Éléonore Pano-Zavaroni teaches art and art history at Esaaa (Annecy Alpes School of Art). She runs the art platform 5OU6ÎLES and the magazine Idoine and is one of the members of the scientific committee of the biennial Carbone, Saint-Etienne. Some of her exhibitions are Living Fair with Nayoung Kim, Changnyeong Bugok Spadium, South Korea (2019), Rendez-vous La Havane in Centro de arte Wifredo Lam, Cuba (2018) and Rendez-vous/Biennale de Lyon, Institut d’art contemporain, Villeurbanne (2017). She curated Eutrapelia, Back Lane West, Redruth, UK (2018) and published the monographic edition Entretien, Martial Déflacieux, Éléonore Pano-Zavaroni, Virginie Bobin, Stéphane Sauzedde, Esaaa éditions (2017). She is currently preparing a solo exhibition for next year at the Flaine Art Center and an artist’s book Rendez-vous.

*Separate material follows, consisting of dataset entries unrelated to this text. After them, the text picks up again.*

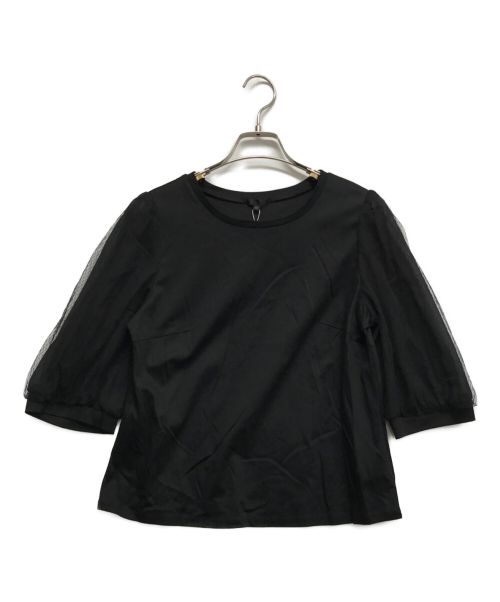 TO BE CHIC（トゥービーシック）TO BE CHIC (トゥービーシック) 袖チュールカットソー ブラック サイズ:42の古着・服飾アイテム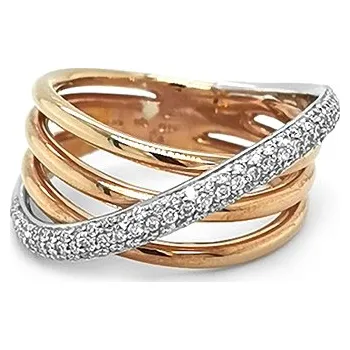 Prsten Zlatý Prsten s Diamanty 2010465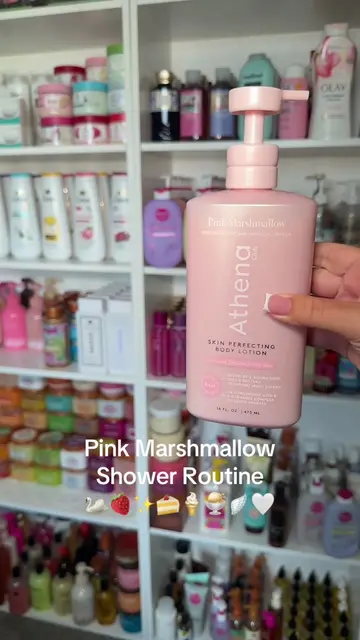 New Athena club pink marshmallow shower routine 🍓🪽✨ #showertok #showerroutine 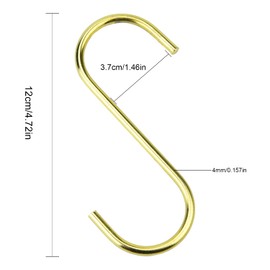 10 Pack Gold S Hooks for Hanging, Stainless Steel S Shaped Hooks, Utility S Hooks for Bathroom, Kitchen, Garden, Cloakroom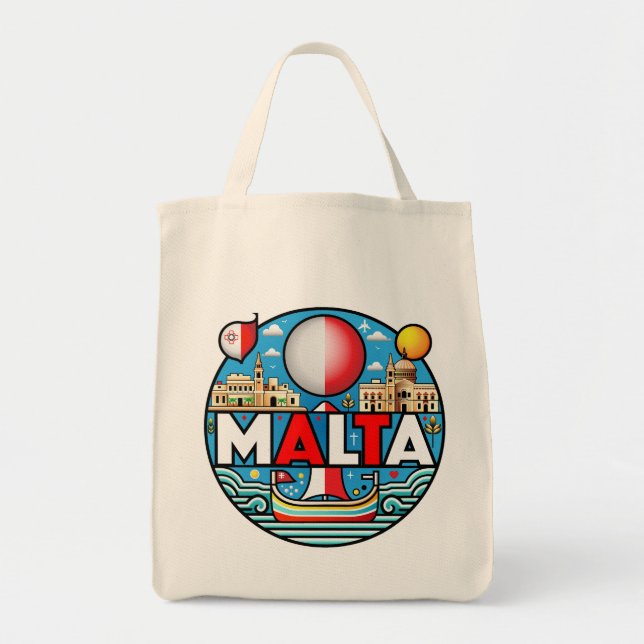 Bolsa Tote Nação Insular Mediterrânica de Malta (Frente)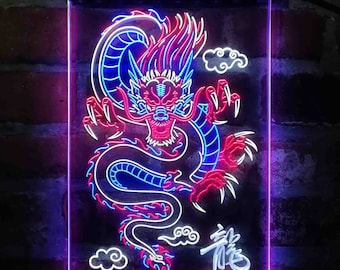 雲の中の中国の龍の文字3色LEDネオンサイン st9-i3225 - Etsy 日本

Pano-Zavaroni has invited the following artists. In her words:

Danaé Jérôme is a goddess who speaks cat. She is the intensity of the present. She radiates and connects. She presents herself as a designer or an artist, depending on the context and the person she is talking to. She acts, with no sense of hierarchy between situations. Fully there. Fully with—whether in a neighbourhood knitting association, a textile design project, or an art residency.

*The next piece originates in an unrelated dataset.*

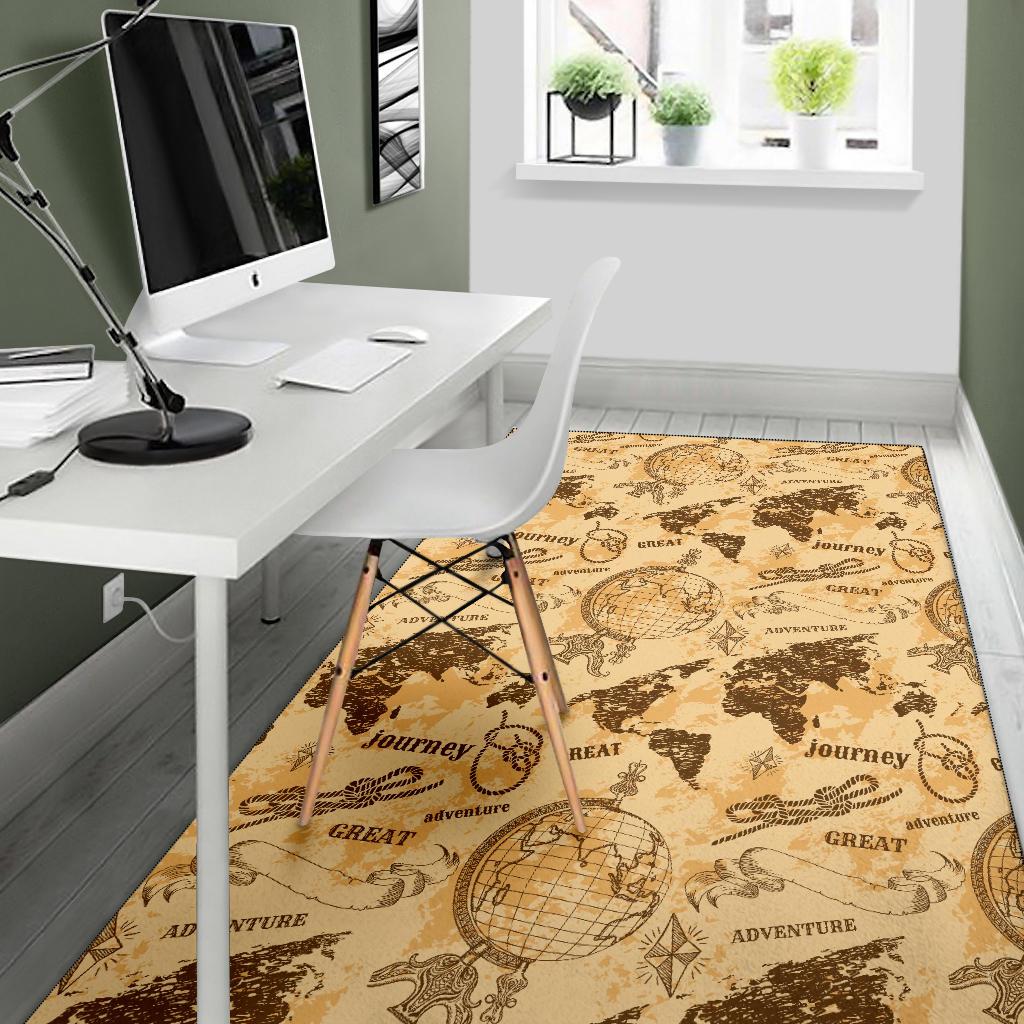 World Map Pattern Print Floor Mat-grizzshop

Anchored in the cosmos, Jérôme Tillié makes experimental music, original graphic design, unexpected exhibitions, the reception of a hotel. He has a sense of display and presentation that is as sensitive as it is subversive in its sincerity. This is beauty. In Jérôme Tillié‘s sentences, words appear where we least expect them and vice versa.

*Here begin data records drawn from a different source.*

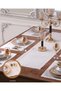 6-Person Place Setting, 7-Piece Table Set with Table Runner, Cream-Crepe Elegant Tableware Set, Home Textiles BX - 4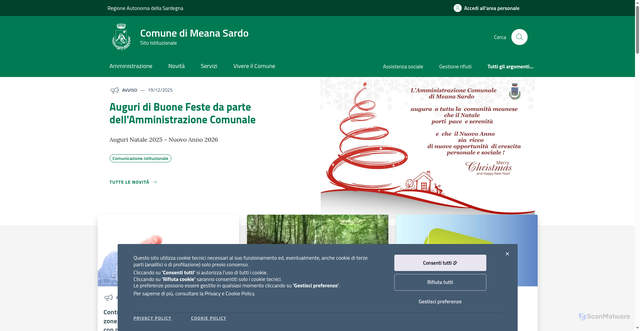 Security scan screenshot of https://comune.meanasardo.nu.it/
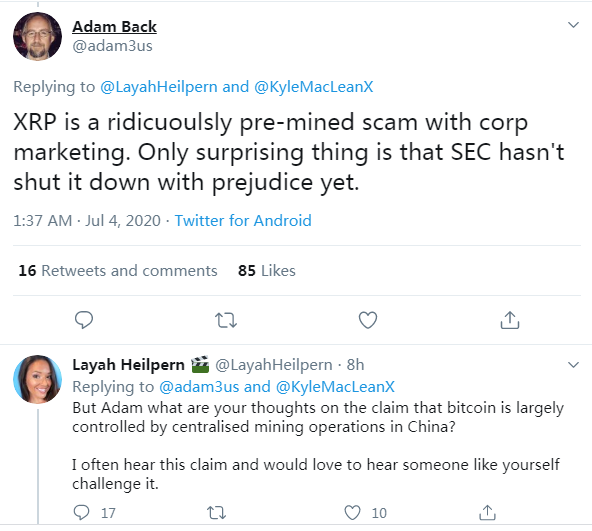 Blockstream CEO：XRP是可笑的有预谋的骗局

When I met Akim Pasquet, he was looking for ways to extract energy from stones. I then discovered his strength in creating art spaces where everyone is welcomed and finds their place. He federates and explores, driven by questions of affect and energy, their circulation in intimacies and in ensembles. He is a curator, artist, teacher and director of the Limbes art space and the Carbone Biennial.

Fabrice Croux
, attentive, makes piles, stacks. He states that art is to increase the sensitive and understand in a non-verbal way. He eats things, techniques, and other edible foods. He bathes in time, sprinkled with magic and strangeness, making objects that are other.

Romain Bobichon
has an experimental painting practice. I often have the impression that he creates an infinite painting that develops in many dimensions. It is a relationship to the world rather than a medium. He produces things that can be manipulated, things that can be thought of with the body. Moreover, he also makes music or, with other acolytes, a series of fiction.

Ash Kilmartin
does a lot of collaborations; she has a sense of staging and dramaturgy. She is a storyteller, sculptor, performer, radio broadcaster, gardener, chef, and runs Life.

Maziar Afrassiabi
is an artist, he makes poems in spite of himself, is attentive to dreams. He unfolds an artistic practice, and a way of thinking with others, through his curatorial practice, mainly at Rib, which he founded and directs. For some time now he has been making beautiful sculptures, between the Merzbau and Valentine Schlegel.”